Pictures do not belong in your copy. Repeat all the other data exactly.

(Data segment begins)

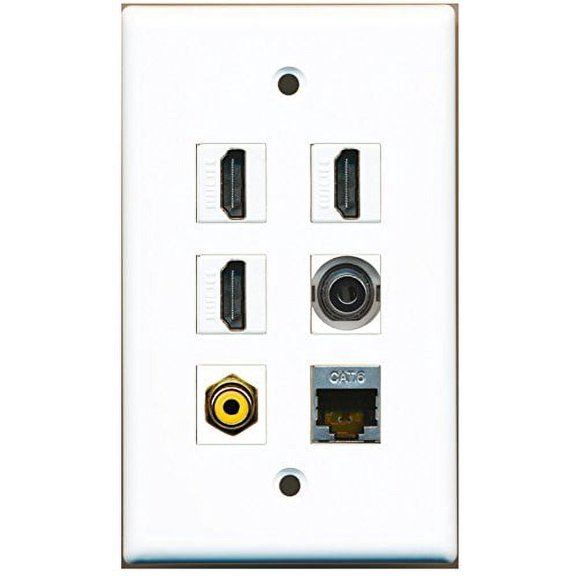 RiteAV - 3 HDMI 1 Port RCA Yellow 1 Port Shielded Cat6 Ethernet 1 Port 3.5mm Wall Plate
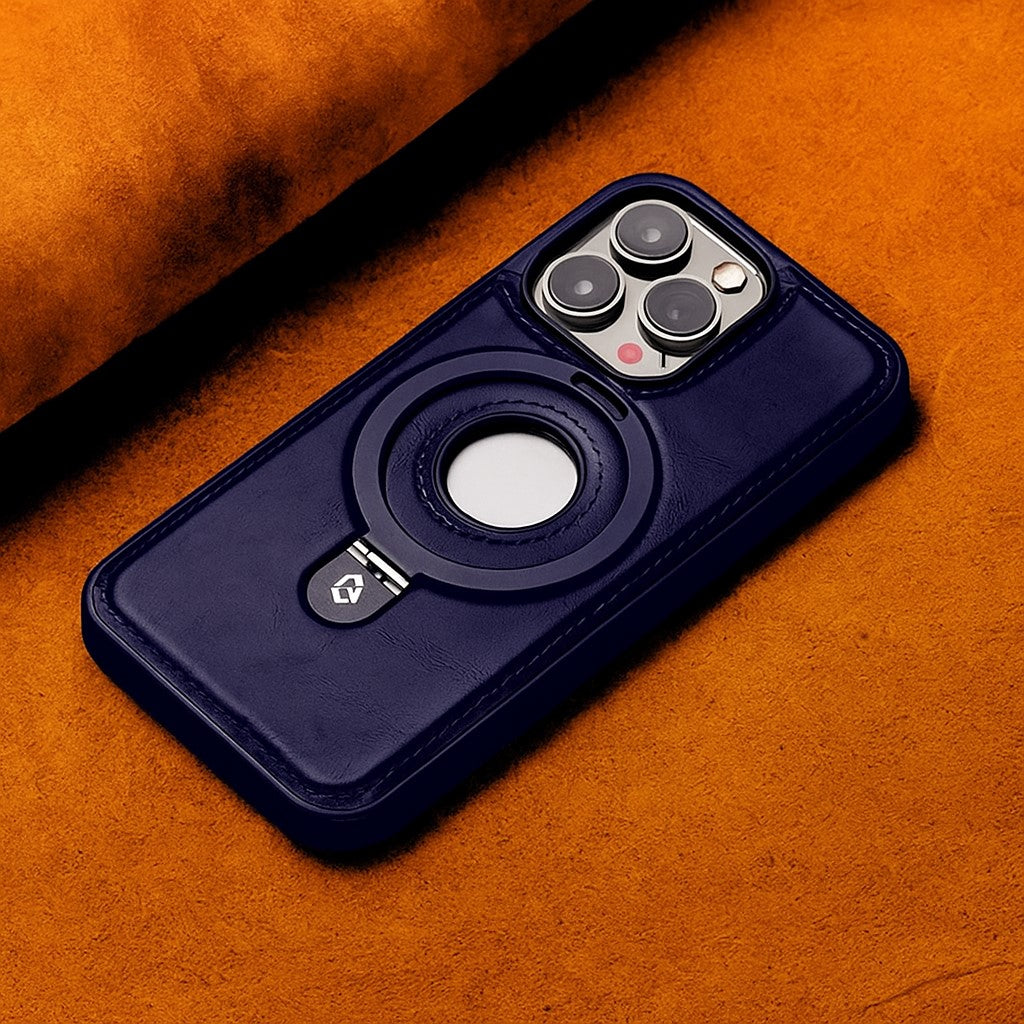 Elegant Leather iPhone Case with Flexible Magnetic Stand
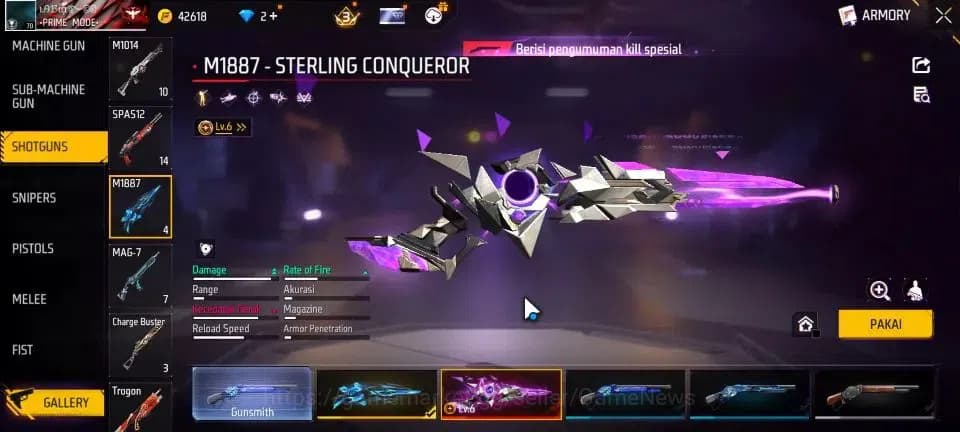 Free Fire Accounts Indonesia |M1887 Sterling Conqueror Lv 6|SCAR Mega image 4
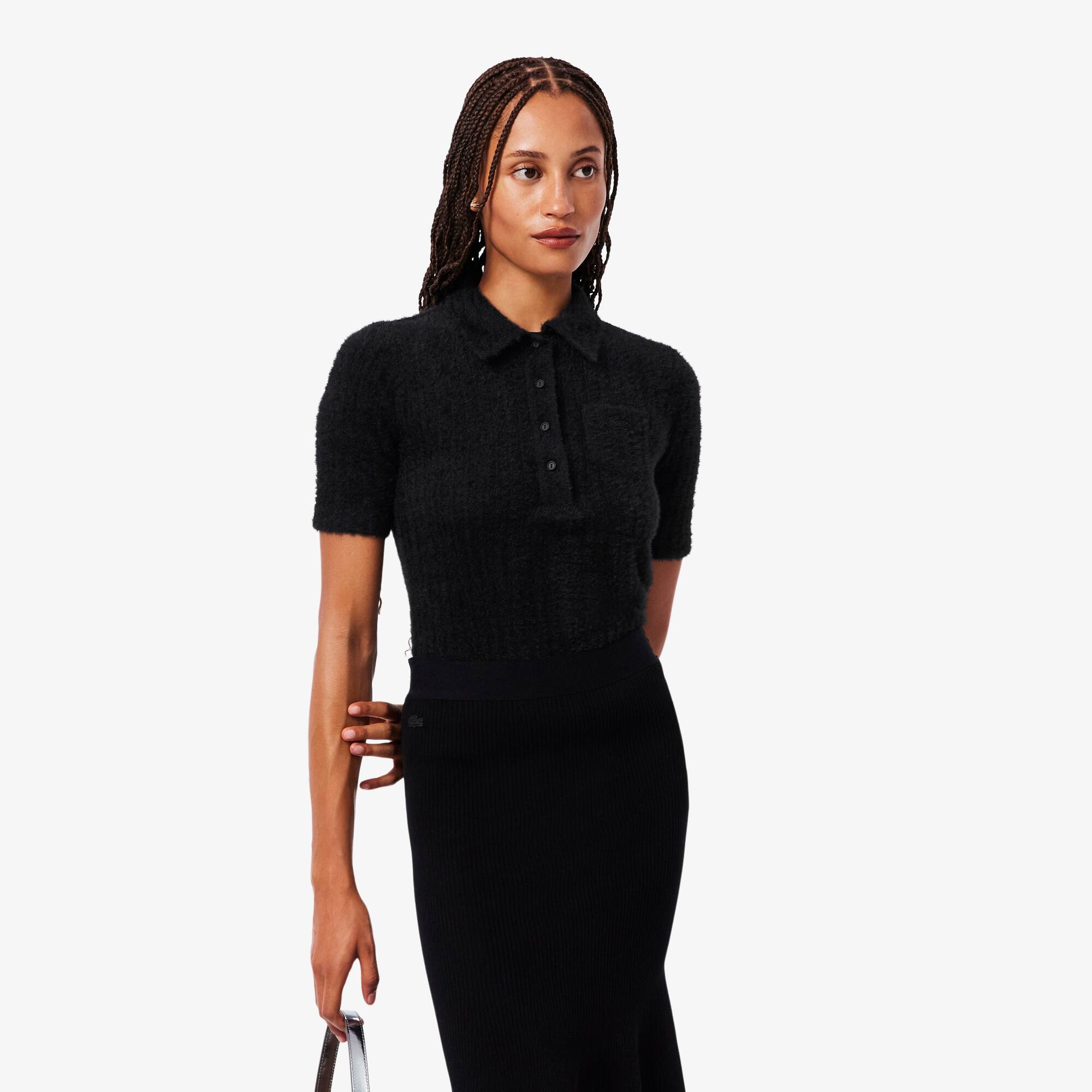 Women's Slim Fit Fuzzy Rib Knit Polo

(Data segment ends)

> [Response area]
 RiteAV - 3 HDMI 1 Port RCA Yellow 1 Port Shielded Cat6 Ethernet 1 Port 3.5mm Wall Plate
 Elegant Leather iPhone Case with Flexible Magnetic Stand
 Free Fire Accounts Indonesia |M1887 Sterling Conqueror Lv 6|SCAR Mega image 4
 Women's Slim Fit Fuzzy Rib Knit Polo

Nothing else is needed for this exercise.